“Imagine you’re sitting across from a reporter at lunch. You’re telling them what you do, your story, why they should care about your product. You have to convince this reporter to not only write about you, but that what you’re doing matters. That you’re going to be successful.”
This is Caryn Marooney, Head of Technology Communications for Facebook. But before that, she co-founded OutCast, the elite PR agency that worked with one-time startups Amazon, Salesforce.com, Netflix and VMware. She’s seen firsthand how hard it is for young companies to capture press attention when they have zero brand recognition and limited resources.
Most founders set out to create something iconic but don’t know where to start. At First Round’s recent CEO Summit, Marooney boiled down this massive challenge into an execution plan and guidelines for startups to craft an image that will resonate with the public and the press, launch on a strong note, and build momentum as they grow — regardless of size and resources.
Great advice here and a solid model of PR planning. In tech we tend to focus on the big bang event, but I’ve learned over time that a steady stream of content relevant to what you are “launching” is a much better strategy. A “rolling thunder” of activity and messages up to a point in time (launch) can be very compelling and engage audiences in a clever way, but the flame needs to keep going past the big launch event if there is one. In business, I’ve rarely experienced a big fanfare launch event that paid off in the long term.

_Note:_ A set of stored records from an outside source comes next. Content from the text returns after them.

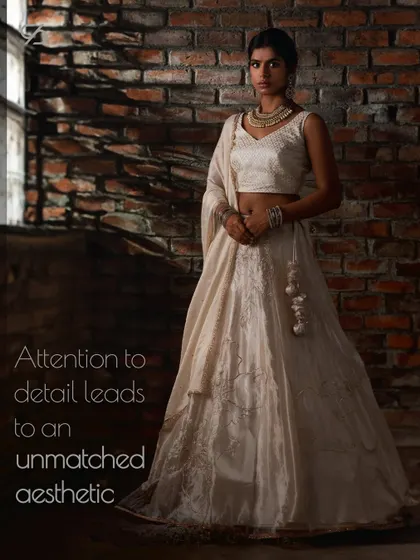 Attention to detail leads to an unmatched aesthetic. This full view of a white and gold lehenga highlights the intricate brocade work and the graceful fall of the fabric.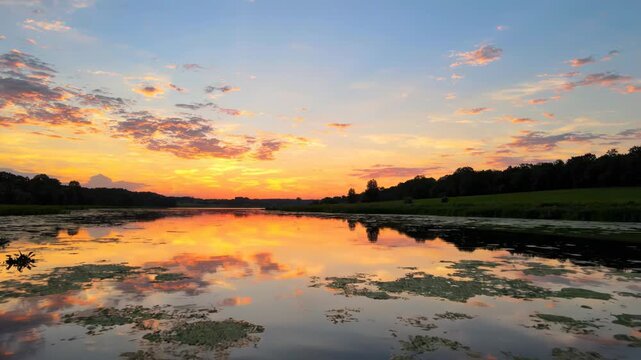 Beautiful sunset over a calm river with vibrant orange and blue sky reflecting on the water surface in a peaceful nature landscape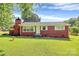 Charming red brick home features a well-manicured lawn and classic design details at 2601 Marldale St, Gastonia, NC 28052
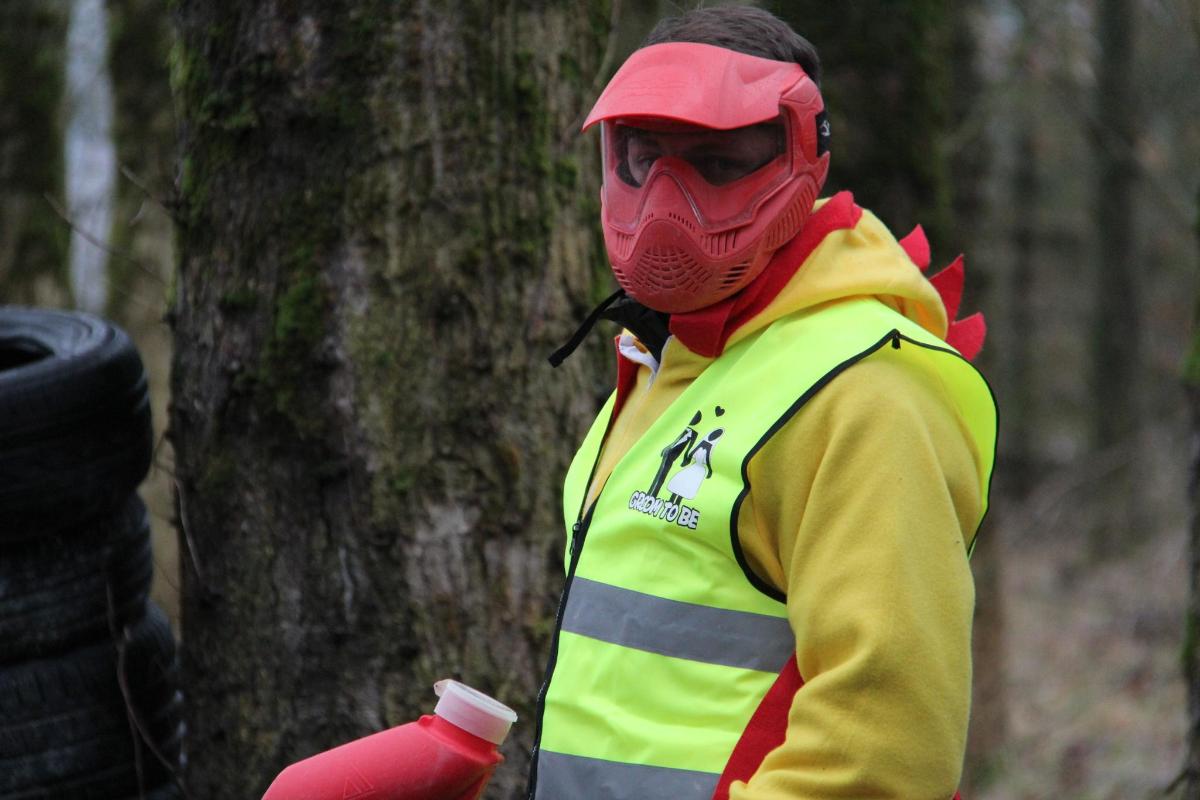 a person wearing a gas mask and a fire hydrant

But what I have seen work is a continual drumbeat of information and messages that entice the media and your audience to find out more. Love the RIBS approach (relevant, inevitable, believable, and simple)… the S is critical- do not over complicate or make things difficult to understand. Use clear language that represents a strong value proposition that is relevant to your audience. Seems simple right? It takes time to get there, and more than just a few “first” drafts. I especially love and advise my clients of this rule- “Don’t wrestle with a pig in the mud. You both get dirty but the pig likes it.” The best position you can take in your message is “rise above” and not head to head. Especially when you are the new kid on the block. Differentiating yourself from the crowded sea of options is where your blue ocean messaging comes in. Don’t miss out on that opportunity because you might think your innovation is better than anything out there. In today’s market, that statement might hold true for just a few limelight minutes. But if you differentiate properly, your message can be valid across a product/company lifetime. It’s uniquely yours.